RSS
 

Server Handling of Accept HTTP Headers

31 Aug

When a browser (or any web client) requests content from a web server, it can tell the server what types of content type it can interpret (HTML, text, audio, etc.). The underlying HTTP protocol allows these to be specified via “header” settings—metadata that is sent before any actual content, describing characteristics about the content. The browser can send an “Accept” header—to describe what it accepts—and the server responds with a “Content-type” header. The Accept header can be quite elaborate, but what happens when what happens when these conflict?

This is usually of concern when writing server-side code, and particularly, a framework. Because most developers do not write frameworks (they use one) and since they control both the client and server-side code, they rarely need to concern themselves with this. But I have been thinking through such minutia as I write my own PHP framework. In particular, there are lots of characteristics about a request to a server that can be handled (i.e., routed) by a server framework. It is common for a server to be able to deliver the same essential content but can be encoded in different ways, HTML, XML, JSON—different formats for the same content. Because developers do not usually consider the Accept header during development, they construe other methods of specifying to a server what format is desired; e.g., by the document name or URL:

Type By Doc Name By URL Path By Query Value
html
often the default
http://example.com/article.html …/article.html …/article.html
xml http://example.com/article.xml …/article/xml or
…/xml/article
…/article?fmt=xml

While these methods are fine, there is no standard for these approaches. This means that the developer has to contrive their own way of correlating those names to the format request type. The Accept header is already a standard way to accommodate this.  The W3C spec describes the format and interpretation of the Accept header pretty well in “Chapter 14.1 Header Field Definitions: Accept” (though it took me a long time for its relevance to sink in).  The complication is that the Accept header is fairly elaborate and frameworks don’t route to code based on these settings. Also, it is often inconvenient to set the Accept header from the caller (though, I am going to ignore this last point for the purposes of this article).
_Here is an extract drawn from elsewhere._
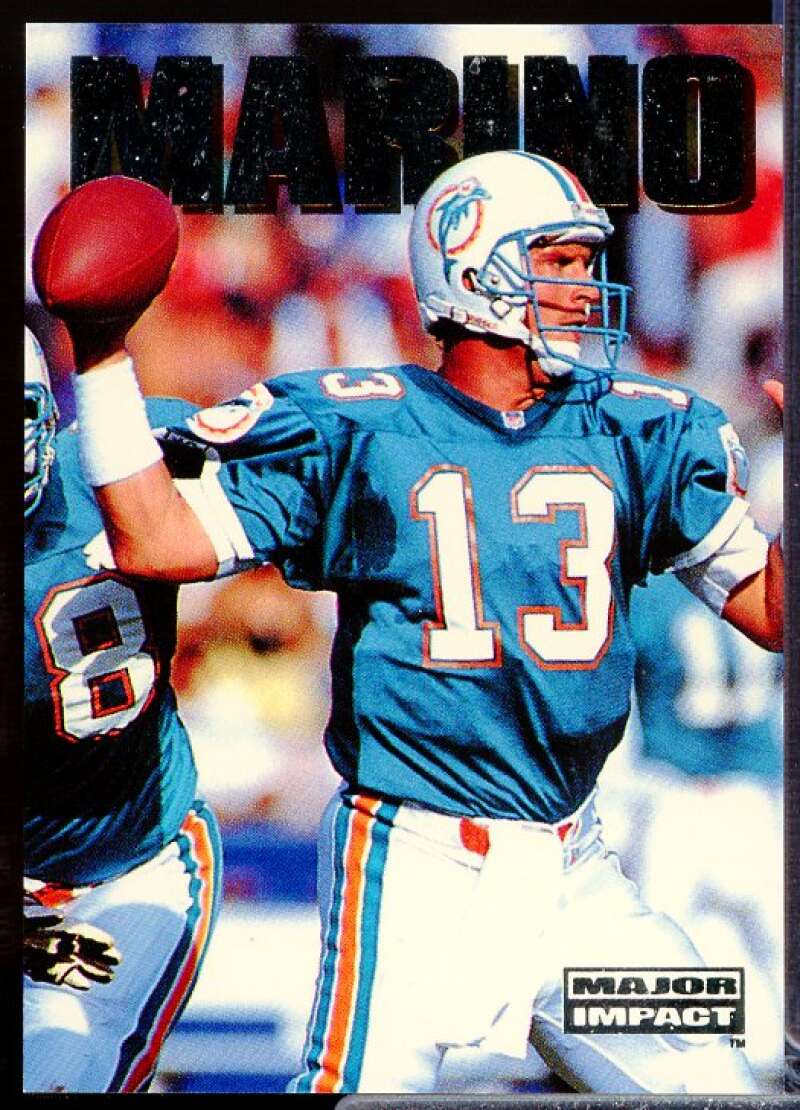 Dan Marino Card 1992 SkyBox Impact Major Impact #M5  Image 1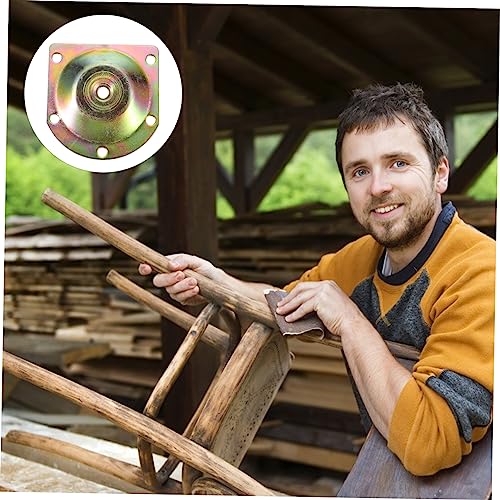Furniture Leg Mounting Plates 8pcs Iron Slope Leg Attachments 12° Angle for Sofa Couch - color: Multi Color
The Accept header specifies the type of data they accept using MIME-types and subtypes (e.g., text/html, application/xml). The Accept header allows for multiple specifications of content it will accept as well as a priority for them:

[source light=”true”]
Accept: text/html, text/*, text/plain; q=.5, */*
[/source]

which says that the client is

  1. preferring HTML for a given (URL) request,
  2. if that isn’t available from the server, send text/plain formatted content,
  3. if that isn’t available, send any text type content,
  4. and, finally, if that isn’t available, send any other content type the server has.

If  “*/*” were not part of the specification and the server did not have any of the other format types available, then the server should return a 406 error response.

So, rather than contriving a URL specification for a client to specify in order to identify the type of data to receive, I want to build a framework to interpret the Accept setting and dispatch to the appropriate “handler” for the request. I am not sure, yet, how to do this in a way that is predictable and easy to use for the developer and does not conflict with other dispatching decisions they may also have. Part of the problem is that the Accept spec can be open-ended and its relationship between what the client wants and what the server can deliver is many-many.

Perhaps, a server framework would allow a priority of types to deliver which, in combination with the Accept specification, would determine the handler to dispatch to.

Comments? How would you like to see a framework automatically handle these decisions?